Coupling of GIS and Matlab for climatic zoning validation for building energy efficiency applications

Abstract

Climatic zoning validation has important implications in the global energy panorama, however little is known about this subject. A recent study introduced a procedure to address this gap, as part of the postdoctoral research project currently developed in Brazil. This procedure consists in quantifying the level of mismatch between climatic zones and building performance obtained through simulation. To quantify such mismatch, maps representing the performance of the building stock targeted in the climatic zoning are compared with climatic zoning boundaries using a new climatic zoning quality index, the Mean Percentage of Misclassified Areas (MPMA).
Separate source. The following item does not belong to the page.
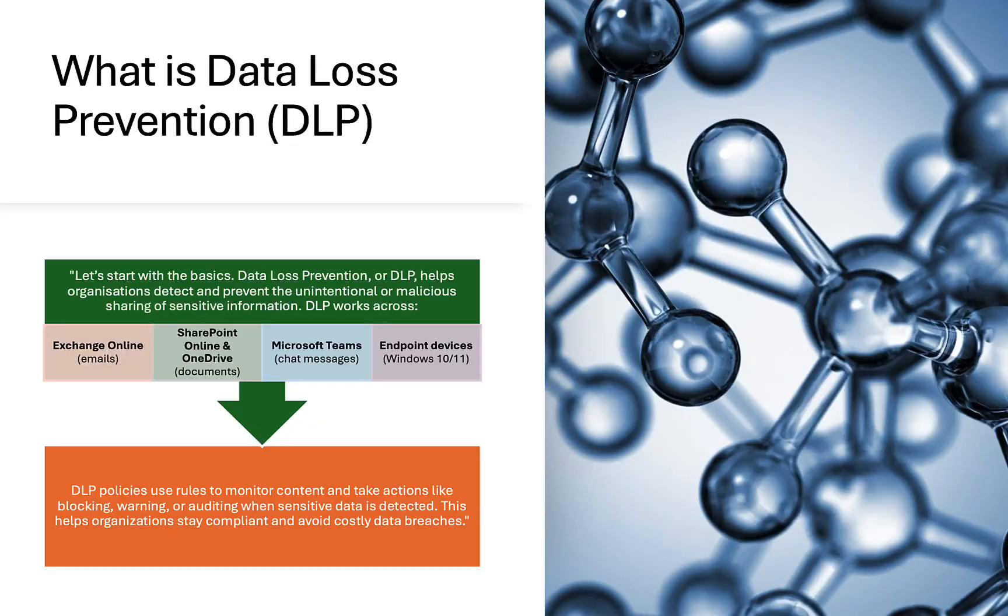Do you know how to prevent sensitive data from leaking outside of your Microsoft 365 organization? It's all about DLP, or data loss prevention, and we're going to talk about it right now.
This index is useful for highlighting qualities and deficiencies of existing climatic zoning methodologies. However, further research is needed to apply this method in complex scenarios. One of the challenges for its application is the difficulty of handling large datasets, with several variables sparsely distributed in space. This data manipulation can be time consuming and prone to errors, leading to results with high levels of uncertainty. Recent advancements facilitating new insights in this topic are the increased access to programming, high-performance computing and the popularization of Geographic Information Systems (GIS). Despite such advancements, there are few studies dealing with climatic zoning validation. In this context, this study proposes a procedure for dealing with the complexity of the performance-based climatic zoning validation by coupling programming and GIS. This procedure explores the interoperability between the Mapping toolbox of Matlab and the ArcGIS version 10.5 to automate the post-processing of building performance data to calculate the MPMA. The procedure will be tested using simulations results in terms of Energy Use intensity of one building archetype of the DOE Commercial building stock of the U.S. and the ASHRAE Climatic zones. The results of this research will allow further developments to test the robustness of the Performance-based climatic zoning method, providing the means to explore complex climatic zoning validation scenarios efficiently and accurately. Results of this study will contribute to the development of a solid mechanism to explore and validate complex climatic zoning methodologies, such as the Brazilian case. Object of study of the Postdoctoral research currently developed in Brazil.